Downsides of Proof-of-Work and Proof-of-Stake, explained
Proof-of-Work and Proof-of-Stake are arguably the best-known consensus mechanisms — but new ones are continually emerging.
PoW blockchains have long dominated the cryptocurrency landscape, with both Bitcoin and Ethereum using this model. This means miners are responsible for securing the network and validating transactions — and they get rewarded with new coins as a result.
However, a common criticism surrounding Proof-of-Work relates to how much energy it uses, and the impact such blockchains have on the environment. Miners need to use vast amounts of computing power to solve arbitrary mathematical equations. More advanced hardware has been required as the industry matured, with electricity usage surging too.

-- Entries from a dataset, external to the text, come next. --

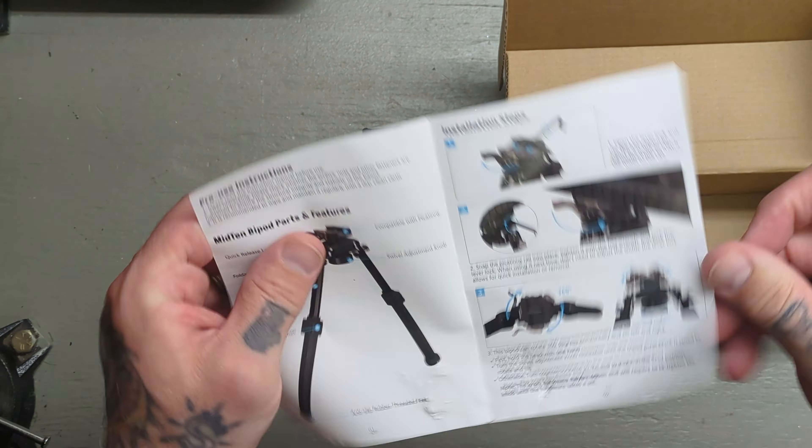I will see how that holds up — I'm going to get this on something, get it out to the range and kind of test it out. It feels pretty sturdy. This is aluminum and polymer, so it is really lightweight. You do have some rubber anti-slip feet here, and that seems to work pretty well. I would say this is probably kind of range-ready.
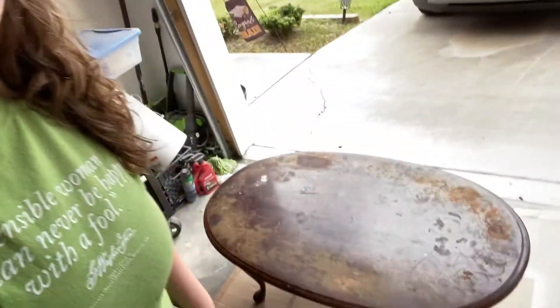Hey guys, I picked up this coffee table for free from a yard sale the other day, and I'm getting ready to refinish it. I'm gonna sand this down and refinish it, and I'm really excited to show you guys what it's gonna look like after it's done. Thanks for watching.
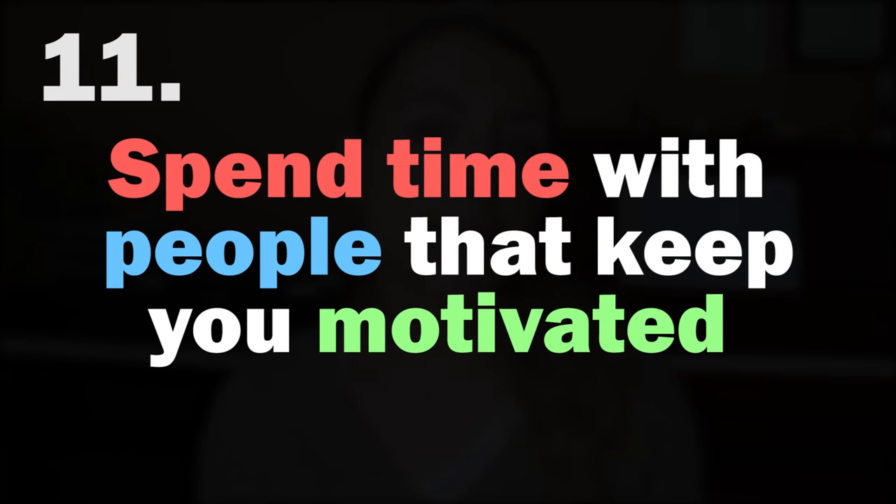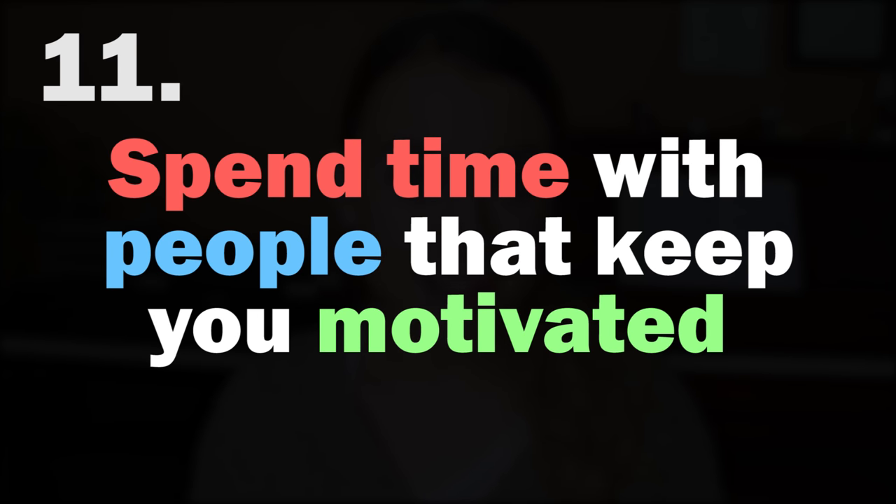Number eleven is a general idea that applies to all areas of life, not just music — and it's really about social accountability. It's really important to spend time with people who are going to keep you motivated. If your goal is to learn piano and all your friends come home from work and do literally nothing and have no hobbies, it's going to be really hard for you to stand above that. But if you're hanging around with inspired people who do interesting things, it's going to push you to keep up — and be an inspiring person yourself.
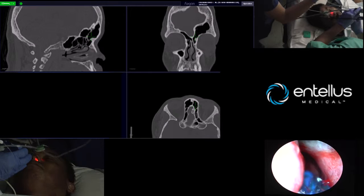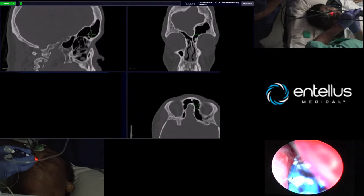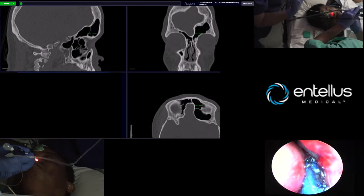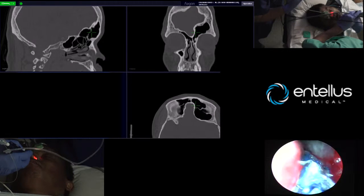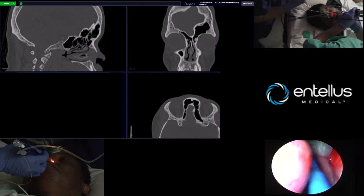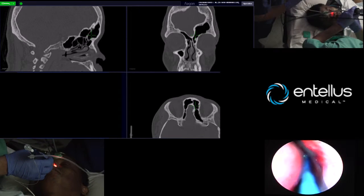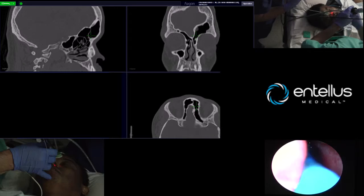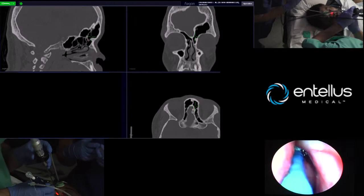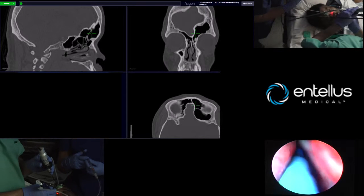You can see, since we've had the dilation, that we're clearly entering and following our marker widely in the frontal sinus. I've been doing balloons now for about four years, and I've always felt very confident that we were doing what we thought we were doing. I do like having image guidance for the safety factor, and I think it's confirming what you knew you were doing.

This has led Proof-of-Stake to be regarded as a more eco-friendly approach. Miners are replaced by validators — nodes that have a financial stake in the smooth running of the network. While proponents claim this can use 99% less energy than PoW, some fear PoS can lead to greater levels of centralization and censorship. Ethereum is currently in the process of moving to this consensus mechanism during The Merge — and it’ll be interesting to see how this high-stakes experiment pans out.
A new approach is known as Published Proof-of-Contribution, otherwise known as PPoC for short. Here, every single participant has a role to play in ensuring the ecosystem is decentralized, democratic and well-governed.